WHEN it comes to food and the way we think about it, the brain works in a funny way. When we limit certain foods, or feel restricted in any way, the focus we place on these foods can actually result in us thinking (and eating) them more. This is just one of the reasons that diets, especially restrictive ones, generally do not work - we simply crave what we are not supposed to be eating. This is one of the reasons that focusing on what we can eat and enjoy is a step in the right direction diet-wise. So this Christmas, these are the foods you can tuck into guilt-free thanks to their positive nutritional properties.
Prawns and seafood in general are surprisingly low in calories. While they may be a little pricey, in terms of your waistline, this is one Christmas favourite there is no need to limit. Packed full of protein, calcium, iodine and zinc, prawns - like most types of shellfish - are a low calorie, nutrient-dense food choice. And while prawns are often linked to adverse effects on cholesterol, there is no evidence that prawns specifically increase blood cholesterol. Plus, thanks to their relatively low fat content, you can enjoy them freely. The biggest issue with prawns is what we eat them with. Served grilled or marinated and with salad is fine, but if they are deep fried or served with creamy sauces and dressings, the bad fat content will be significantly increased. So try to enjoy these tasty treats in as natural a state as possible to reap all the health benefits without the extra calories.
It doesn't matter if your preference is stone fruit, mangoes or melon - fresh seasonal fruit is always a top choice. We often hear that fruit is a source of sugar and as such needs to be enjoyed in controlled portions. While fruit does contain the natural sugar fructose, when you compare nutrient-rich fruit to most other popular Christmas snack choices including shortbread, mince pies, chocolate-covered nuts and sweets, it becomes obvious why it remains a good choice. And let's be honest, the cherry, mango and stone fruit seasons are so short - why should you have to limit one of nature's wonder foods at this time of year?
Not as popular here in Australia as in the US, it is really a shame we do not eat more turkey year-round simply because it is so good for us. Turkey breast is one of the leanest protein sources available with less fat than beef fillet, lamb fillet, pork fillet and chicken breast and turkey offers more than 10 essential nutrients including selenium and iodine. Turkey is also a tasty lean meat, with much less fat than pork and much less salt than ham and as such earns its place at the centre of the Christmas table.

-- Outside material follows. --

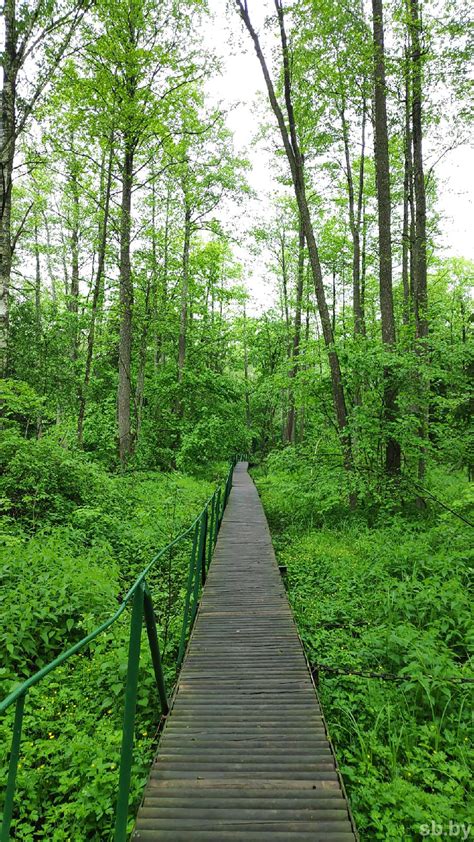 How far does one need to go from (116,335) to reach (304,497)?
30.2 feet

Like fruit, all varieties of nuts are nutritious choices offering a protein and fibre-rich snack that is also packed full of essential fats and a range of vitamins and minerals including B group Vitamins, zinc and selenium. For good health, weight and cholesterol control, it is recommended that adults consume a small handful or roughly 20 mixed nuts each day. Including nuts as a regular part of your Christmas feasting is a good thing - just be mindful that natural roasted nuts are best, as opposed to the chocolate-coated varieties than can contain as much as 300 calories and 20g of fat in just 5-6 scorched almonds.
ICED DRINKS AND DESSERTS
You may prefer an iced coffee or tea, or a scoop of lemon gelato, or frozen fruit thing but focusing your sweet cravings around all things icy will save you some serious calories over the next couple of months. For example, your favourite iced tea mix of water, herbal tea and ice contains literally no calories; while skim milk, ice and coffee too comes in at under 100 calories for a cooling treat. Making your own iced desserts means you get the tasty treat for 100 calories or less. Frozen fruits dipped in a little dark chocolate is another relatively healthy treat while frozen Greek yoghurt makes a perfect ice cream alternative.